* **Work to complete**
Write out, please, the lines from the beginning of the material to the line with "BMW 114 D 2017", including both ends and nothing else.

* **Source material**
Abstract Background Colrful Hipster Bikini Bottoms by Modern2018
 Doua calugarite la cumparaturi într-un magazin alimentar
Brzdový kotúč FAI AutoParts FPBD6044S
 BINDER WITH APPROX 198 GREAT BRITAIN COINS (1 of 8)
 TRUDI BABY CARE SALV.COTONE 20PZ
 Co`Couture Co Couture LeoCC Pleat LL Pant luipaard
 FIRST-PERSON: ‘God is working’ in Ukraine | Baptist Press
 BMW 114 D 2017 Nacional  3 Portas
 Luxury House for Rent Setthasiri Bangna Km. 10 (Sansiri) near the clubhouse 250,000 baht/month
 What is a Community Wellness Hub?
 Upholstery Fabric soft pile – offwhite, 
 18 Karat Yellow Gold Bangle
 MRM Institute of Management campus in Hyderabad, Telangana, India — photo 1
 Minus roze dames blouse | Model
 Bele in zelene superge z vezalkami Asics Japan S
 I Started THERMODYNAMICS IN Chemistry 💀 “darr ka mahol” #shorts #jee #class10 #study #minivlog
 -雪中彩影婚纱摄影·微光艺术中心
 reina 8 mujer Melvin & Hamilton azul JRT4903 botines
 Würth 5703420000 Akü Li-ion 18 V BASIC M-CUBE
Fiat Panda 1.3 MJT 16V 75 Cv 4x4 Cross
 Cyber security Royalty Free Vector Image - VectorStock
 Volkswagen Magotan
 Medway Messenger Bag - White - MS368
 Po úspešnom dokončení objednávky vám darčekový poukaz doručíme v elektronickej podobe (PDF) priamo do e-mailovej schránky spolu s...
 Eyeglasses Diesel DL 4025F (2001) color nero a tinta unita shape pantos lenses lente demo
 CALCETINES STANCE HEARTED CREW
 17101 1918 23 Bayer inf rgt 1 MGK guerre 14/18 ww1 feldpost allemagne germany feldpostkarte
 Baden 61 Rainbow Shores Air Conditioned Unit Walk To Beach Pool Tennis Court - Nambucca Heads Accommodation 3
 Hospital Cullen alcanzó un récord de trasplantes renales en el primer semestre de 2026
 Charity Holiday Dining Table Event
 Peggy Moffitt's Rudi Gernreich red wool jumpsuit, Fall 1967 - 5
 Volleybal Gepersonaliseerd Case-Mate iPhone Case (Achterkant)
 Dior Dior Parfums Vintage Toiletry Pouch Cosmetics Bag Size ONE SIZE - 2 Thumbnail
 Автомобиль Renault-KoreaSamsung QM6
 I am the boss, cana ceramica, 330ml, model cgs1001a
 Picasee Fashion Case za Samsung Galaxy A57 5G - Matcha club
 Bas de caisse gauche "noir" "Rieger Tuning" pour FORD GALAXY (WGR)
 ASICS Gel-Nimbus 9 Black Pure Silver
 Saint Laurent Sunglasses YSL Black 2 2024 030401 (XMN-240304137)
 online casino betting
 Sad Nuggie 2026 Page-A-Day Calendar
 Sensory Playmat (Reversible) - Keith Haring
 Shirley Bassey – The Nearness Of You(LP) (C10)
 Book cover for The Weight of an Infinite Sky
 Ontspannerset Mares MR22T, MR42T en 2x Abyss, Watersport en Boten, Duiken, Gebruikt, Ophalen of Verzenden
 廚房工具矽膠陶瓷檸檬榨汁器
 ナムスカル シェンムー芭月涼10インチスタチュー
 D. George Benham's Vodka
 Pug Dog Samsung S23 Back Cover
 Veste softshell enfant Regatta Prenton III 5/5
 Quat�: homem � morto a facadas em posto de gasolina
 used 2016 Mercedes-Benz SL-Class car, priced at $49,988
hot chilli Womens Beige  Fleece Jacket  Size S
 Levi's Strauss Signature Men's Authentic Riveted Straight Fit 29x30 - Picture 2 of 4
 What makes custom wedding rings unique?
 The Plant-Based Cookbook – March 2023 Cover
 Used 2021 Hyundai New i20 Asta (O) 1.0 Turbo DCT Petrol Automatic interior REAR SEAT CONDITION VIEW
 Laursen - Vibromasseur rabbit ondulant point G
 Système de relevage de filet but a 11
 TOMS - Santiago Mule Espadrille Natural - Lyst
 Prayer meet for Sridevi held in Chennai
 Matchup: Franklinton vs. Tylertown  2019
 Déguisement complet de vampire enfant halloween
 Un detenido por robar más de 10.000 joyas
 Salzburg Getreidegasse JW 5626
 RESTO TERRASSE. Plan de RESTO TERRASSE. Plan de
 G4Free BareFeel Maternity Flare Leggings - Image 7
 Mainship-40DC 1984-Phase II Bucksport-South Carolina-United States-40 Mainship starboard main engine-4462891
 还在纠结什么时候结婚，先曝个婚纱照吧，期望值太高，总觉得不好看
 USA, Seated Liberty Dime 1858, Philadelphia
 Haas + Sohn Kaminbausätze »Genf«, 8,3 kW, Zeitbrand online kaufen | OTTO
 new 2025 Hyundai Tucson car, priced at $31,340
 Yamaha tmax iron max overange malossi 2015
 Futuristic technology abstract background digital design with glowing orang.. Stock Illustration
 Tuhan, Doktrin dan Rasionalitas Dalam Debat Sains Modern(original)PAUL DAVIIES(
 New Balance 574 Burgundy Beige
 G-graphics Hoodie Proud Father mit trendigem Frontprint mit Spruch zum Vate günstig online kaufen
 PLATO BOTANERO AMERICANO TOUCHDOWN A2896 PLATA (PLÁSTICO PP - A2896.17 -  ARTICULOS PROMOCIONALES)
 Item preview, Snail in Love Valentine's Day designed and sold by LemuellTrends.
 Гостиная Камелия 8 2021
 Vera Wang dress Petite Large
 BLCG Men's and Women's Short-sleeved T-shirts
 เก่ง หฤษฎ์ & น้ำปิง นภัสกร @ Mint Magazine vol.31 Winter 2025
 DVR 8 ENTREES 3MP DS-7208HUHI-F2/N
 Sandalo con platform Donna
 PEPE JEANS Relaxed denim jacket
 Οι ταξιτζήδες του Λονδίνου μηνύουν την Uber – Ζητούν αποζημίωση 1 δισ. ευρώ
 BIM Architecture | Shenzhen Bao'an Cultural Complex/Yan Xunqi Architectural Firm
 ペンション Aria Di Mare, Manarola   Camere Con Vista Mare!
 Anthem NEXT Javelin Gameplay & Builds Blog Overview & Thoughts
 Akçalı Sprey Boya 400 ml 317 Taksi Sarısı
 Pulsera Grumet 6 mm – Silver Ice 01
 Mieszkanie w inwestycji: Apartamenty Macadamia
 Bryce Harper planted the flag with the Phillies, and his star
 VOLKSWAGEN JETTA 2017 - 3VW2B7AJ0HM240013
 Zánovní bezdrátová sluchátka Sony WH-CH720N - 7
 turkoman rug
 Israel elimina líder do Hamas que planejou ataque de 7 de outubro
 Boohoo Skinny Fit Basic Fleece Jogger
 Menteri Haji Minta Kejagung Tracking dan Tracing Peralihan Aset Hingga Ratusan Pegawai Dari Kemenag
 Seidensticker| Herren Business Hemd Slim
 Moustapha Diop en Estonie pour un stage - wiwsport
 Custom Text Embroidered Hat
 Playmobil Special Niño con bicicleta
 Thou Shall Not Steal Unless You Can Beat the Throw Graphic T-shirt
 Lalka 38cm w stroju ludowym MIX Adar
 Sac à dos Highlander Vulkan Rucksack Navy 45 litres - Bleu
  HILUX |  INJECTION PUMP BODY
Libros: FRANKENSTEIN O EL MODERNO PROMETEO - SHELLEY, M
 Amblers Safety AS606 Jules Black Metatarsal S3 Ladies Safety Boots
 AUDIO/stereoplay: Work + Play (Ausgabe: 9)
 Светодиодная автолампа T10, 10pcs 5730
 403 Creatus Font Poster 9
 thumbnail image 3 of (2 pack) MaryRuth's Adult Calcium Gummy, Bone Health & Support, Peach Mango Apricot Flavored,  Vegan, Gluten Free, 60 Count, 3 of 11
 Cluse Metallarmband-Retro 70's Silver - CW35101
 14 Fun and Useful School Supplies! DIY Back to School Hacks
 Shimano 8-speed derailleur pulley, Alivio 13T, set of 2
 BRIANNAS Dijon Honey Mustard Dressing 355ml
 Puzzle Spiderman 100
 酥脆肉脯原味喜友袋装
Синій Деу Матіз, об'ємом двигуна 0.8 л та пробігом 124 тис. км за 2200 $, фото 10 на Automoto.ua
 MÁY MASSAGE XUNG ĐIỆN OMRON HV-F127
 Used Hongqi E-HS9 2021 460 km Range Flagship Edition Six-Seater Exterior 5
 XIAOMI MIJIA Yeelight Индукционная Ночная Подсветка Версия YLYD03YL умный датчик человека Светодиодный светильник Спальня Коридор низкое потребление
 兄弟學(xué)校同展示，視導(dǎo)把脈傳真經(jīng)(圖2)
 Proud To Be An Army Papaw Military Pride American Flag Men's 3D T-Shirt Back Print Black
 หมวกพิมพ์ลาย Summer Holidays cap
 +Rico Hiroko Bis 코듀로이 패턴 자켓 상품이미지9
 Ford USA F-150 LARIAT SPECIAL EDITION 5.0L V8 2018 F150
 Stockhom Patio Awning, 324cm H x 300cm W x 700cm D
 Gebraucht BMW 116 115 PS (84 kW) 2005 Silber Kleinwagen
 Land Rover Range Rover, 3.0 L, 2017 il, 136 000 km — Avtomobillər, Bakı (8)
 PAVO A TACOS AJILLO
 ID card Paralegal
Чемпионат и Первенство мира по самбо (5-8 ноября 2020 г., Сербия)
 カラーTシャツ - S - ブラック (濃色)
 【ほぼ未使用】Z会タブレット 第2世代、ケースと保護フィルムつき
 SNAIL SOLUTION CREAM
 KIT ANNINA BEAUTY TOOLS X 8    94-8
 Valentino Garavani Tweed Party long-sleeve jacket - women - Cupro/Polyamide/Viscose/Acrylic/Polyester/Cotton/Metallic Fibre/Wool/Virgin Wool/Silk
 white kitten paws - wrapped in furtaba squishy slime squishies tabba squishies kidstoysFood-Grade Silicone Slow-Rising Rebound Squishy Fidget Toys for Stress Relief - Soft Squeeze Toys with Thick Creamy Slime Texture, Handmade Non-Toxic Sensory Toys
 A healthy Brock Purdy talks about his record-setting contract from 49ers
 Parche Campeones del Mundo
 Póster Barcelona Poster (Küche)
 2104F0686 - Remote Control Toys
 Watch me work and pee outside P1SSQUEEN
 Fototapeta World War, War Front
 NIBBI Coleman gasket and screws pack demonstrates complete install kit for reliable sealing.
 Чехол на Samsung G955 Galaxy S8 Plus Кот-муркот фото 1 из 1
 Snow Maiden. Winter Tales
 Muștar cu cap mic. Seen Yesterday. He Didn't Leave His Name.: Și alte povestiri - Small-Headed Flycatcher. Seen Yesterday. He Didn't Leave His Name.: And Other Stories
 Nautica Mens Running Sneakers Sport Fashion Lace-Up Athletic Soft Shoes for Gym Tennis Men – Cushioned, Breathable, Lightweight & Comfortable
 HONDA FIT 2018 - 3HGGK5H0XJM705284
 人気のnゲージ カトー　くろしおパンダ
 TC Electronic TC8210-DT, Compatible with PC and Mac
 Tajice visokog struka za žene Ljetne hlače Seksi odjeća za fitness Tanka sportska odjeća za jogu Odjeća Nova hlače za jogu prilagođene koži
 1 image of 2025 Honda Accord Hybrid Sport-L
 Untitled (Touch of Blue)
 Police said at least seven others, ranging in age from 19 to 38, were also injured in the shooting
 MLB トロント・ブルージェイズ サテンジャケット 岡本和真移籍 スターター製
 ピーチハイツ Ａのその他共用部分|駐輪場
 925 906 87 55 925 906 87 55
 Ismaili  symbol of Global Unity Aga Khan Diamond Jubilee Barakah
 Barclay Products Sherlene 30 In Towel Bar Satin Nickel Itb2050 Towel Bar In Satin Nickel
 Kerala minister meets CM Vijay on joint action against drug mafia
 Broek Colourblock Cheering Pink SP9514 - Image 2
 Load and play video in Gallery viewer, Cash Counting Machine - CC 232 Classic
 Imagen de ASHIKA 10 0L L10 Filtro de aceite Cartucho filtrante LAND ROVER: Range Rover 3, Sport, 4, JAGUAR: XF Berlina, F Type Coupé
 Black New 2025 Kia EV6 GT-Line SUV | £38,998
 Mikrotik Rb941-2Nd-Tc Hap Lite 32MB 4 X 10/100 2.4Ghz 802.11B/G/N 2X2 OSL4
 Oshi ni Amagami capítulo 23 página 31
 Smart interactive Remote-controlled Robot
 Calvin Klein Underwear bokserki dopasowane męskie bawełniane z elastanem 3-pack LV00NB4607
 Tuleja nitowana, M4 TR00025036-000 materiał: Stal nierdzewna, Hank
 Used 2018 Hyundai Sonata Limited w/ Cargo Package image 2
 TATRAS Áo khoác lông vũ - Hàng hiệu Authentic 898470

* **Solution for this exercise**
Abstract Background Colrful Hipster Bikini Bottoms by Modern2018
 Doua calugarite la cumparaturi într-un magazin alimentar
Brzdový kotúč FAI AutoParts FPBD6044S
 BINDER WITH APPROX 198 GREAT BRITAIN COINS (1 of 8)
 TRUDI BABY CARE SALV.COTONE 20PZ
 Co`Couture Co Couture LeoCC Pleat LL Pant luipaard
 FIRST-PERSON: ‘God is working’ in Ukraine | Baptist Press
 BMW 114 D 2017 Nacional  3 Portas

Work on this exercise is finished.